## Task 1: Credit Card Routing for Online Purchase via Predictive Modelling

### Problem statement
* Over the past year, the online payment department at a large retail company have encountered a high failure rate of online credit card payments done via so-called payment service providers, referred to as PSP's by the business stakeholders.
* The company losses alot of money due to failed transactions and customers have become increasingly unsatisfied with the online shop.
* The current routing logic is manual and rule-based. Business decision makers hope that with predictive modelling, a smarter way of routing a PSP to a transaction is possible.

### Data Science Task
* Help the business to automate the credit card routing via a predictive model
* Such a model should increase the payment success rate by finding the best possible PSP for each transaction and at the same time keep the transaction fees low.

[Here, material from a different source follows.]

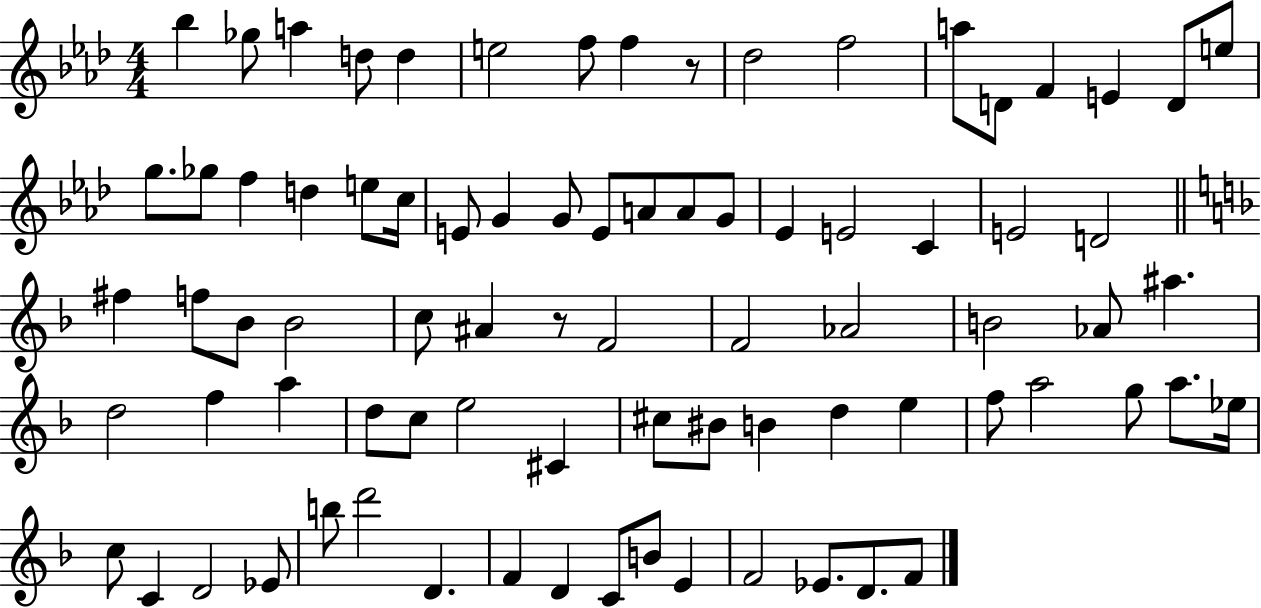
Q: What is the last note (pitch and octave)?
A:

# PART 1: Building the base mode

### Import Key Libraries

In [1]:
import pandas as pd
import numpy as np
from sklearn.model_selection import train_test_split
from sklearn.compose import ColumnTransformer
from sklearn.preprocessing import OneHotEncoder
from sklearn.preprocessing import LabelEncoder
from sklearn.preprocessing import StandardScaler
from sklearn.linear_model import LogisticRegression
from sklearn.metrics import accuracy_score

In [2]:
# import visualization libraries
import matplotlib.pyplot as plt
import matplotlib.patches as mpatches
import seaborn as sns
from bokeh.plotting import figure, show, output_notebook 
from bokeh.palettes import Spectral
from bokeh.models import ColumnDataSource
from bokeh.plotting import figure, show

### Read Dataset and update index

In [3]:
dataset = pd.read_excel("PSP_Jan_Feb_2019.xlsx")

In [4]:
dataset.head()

Unnamed: 0.1,Unnamed: 0,tmsp,country,amount,success,PSP,3D_secured,card
0,0,2019-01-01 00:01:11,Germany,89,0,UK_Card,0,Visa
1,1,2019-01-01 00:01:17,Germany,89,1,UK_Card,0,Visa
2,2,2019-01-01 00:02:49,Germany,238,0,UK_Card,1,Diners
3,3,2019-01-01 00:03:13,Germany,238,1,UK_Card,1,Diners
4,4,2019-01-01 00:04:33,Austria,124,0,Simplecard,0,Diners


In [5]:
dataset = dataset.drop('Unnamed: 0', axis=1)

In [6]:
# make timestamp the index for easier analysis
dataset = dataset.set_index(dataset.columns[0])

In [7]:
dataset.head()

Unnamed: 0_level_0,country,amount,success,PSP,3D_secured,card
tmsp,Unnamed: 1_level_1,Unnamed: 2_level_1,Unnamed: 3_level_1,Unnamed: 4_level_1,Unnamed: 5_level_1,Unnamed: 6_level_1
2019-01-01 00:01:11,Germany,89,0,UK_Card,0,Visa
2019-01-01 00:01:17,Germany,89,1,UK_Card,0,Visa
2019-01-01 00:02:49,Germany,238,0,UK_Card,1,Diners
2019-01-01 00:03:13,Germany,238,1,UK_Card,1,Diners
2019-01-01 00:04:33,Austria,124,0,Simplecard,0,Diners


In [8]:
# add a feature field to hold the order of the dates - for the base model
dataset['date_order'] = np.arange(len(dataset.index))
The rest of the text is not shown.